J.M.W. Turner, Hirschhorn on the Neckar from the South

J.M.W. Turner, Hirschhorn on the Neckar from the North

Adolf Schmitthenner, a minister at the Church of the Holy Spirit in Heidelberg at the beginning of the 20th century, wrote a novel about Frederic, the last of the knights of Hirschhorn, who died in 1632, allegedly as the result of a curse by the mother of his cousin whom he had killed in a duel. Set against the background of the Thirty Years' War, Das Deutsche Herz gives a vivid impression of the age of chivalry in its decline.

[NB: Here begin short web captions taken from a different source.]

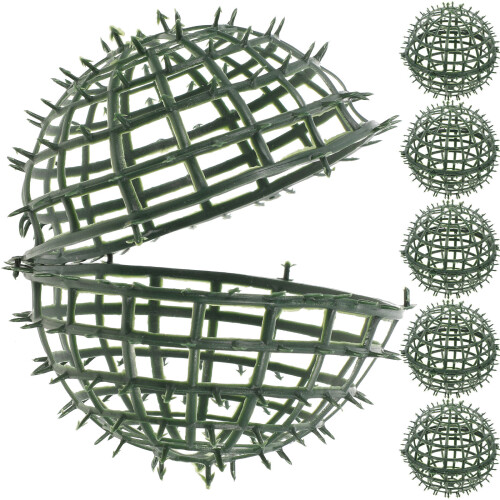 Topiary Ball Support Rack Green 6pcs 5.9x5.9x5.9in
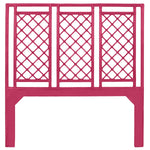 X & Diamond Headboard-Headboards-David Francis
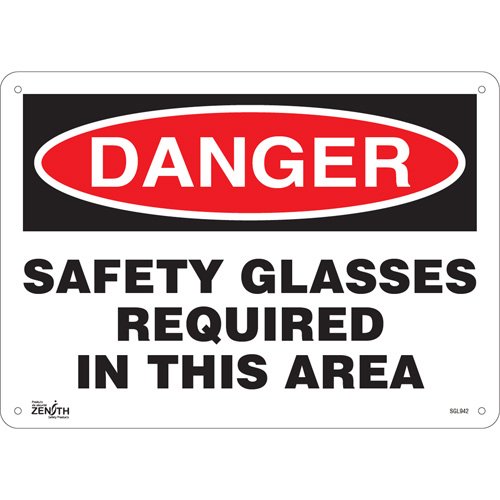 SGL942-"Safety Glasses Required" Sign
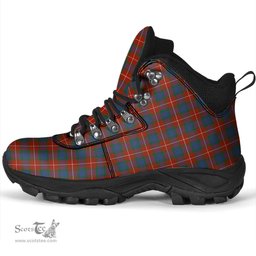 Scottish Fraser Ancient Clan Tartan Alpine Boots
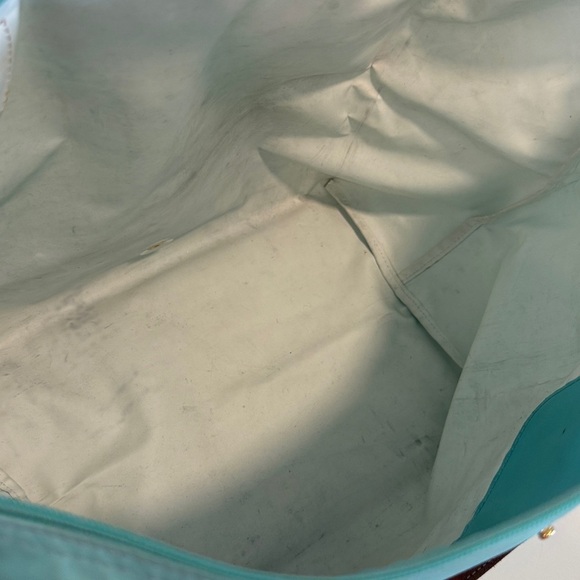 Longchamp Nylon Tote  Blue - Picture 4 of 8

Another famous visitor to Hirschhorn was Mark Twain. He travelled from Heilbronn to Hirschhorn by boat, stayed overnight at the hotel "Zum Naturalisten" on August 9, 1878, and continued his journey to Heidelberg by coach and train. In his book A Tramp Abroad, the boat becomes a raft, and the travellers end up in Hirschhorn after a terrible storm on the Neckar from which they just manage to escape. "I dozed off to sleep while contemplating a great white stuffed owl which was looking intently down on me from a high perch with the air of a person who thought he had met me before but could not make out for certain." This same owl can still be seen at Langbein Museum today. Twain's description of Hirschhorn is still as true as it was in 1878: "...Hirschhorn is best seen from a distance, down the river. Then the clustered brown towers perched on the green hilltop, and the old battlemented stone wall stretching up and over the grassy ridge and disappearing in the leafy sea beyond, make a picture whose grace and beauty entirely satisfy the eye."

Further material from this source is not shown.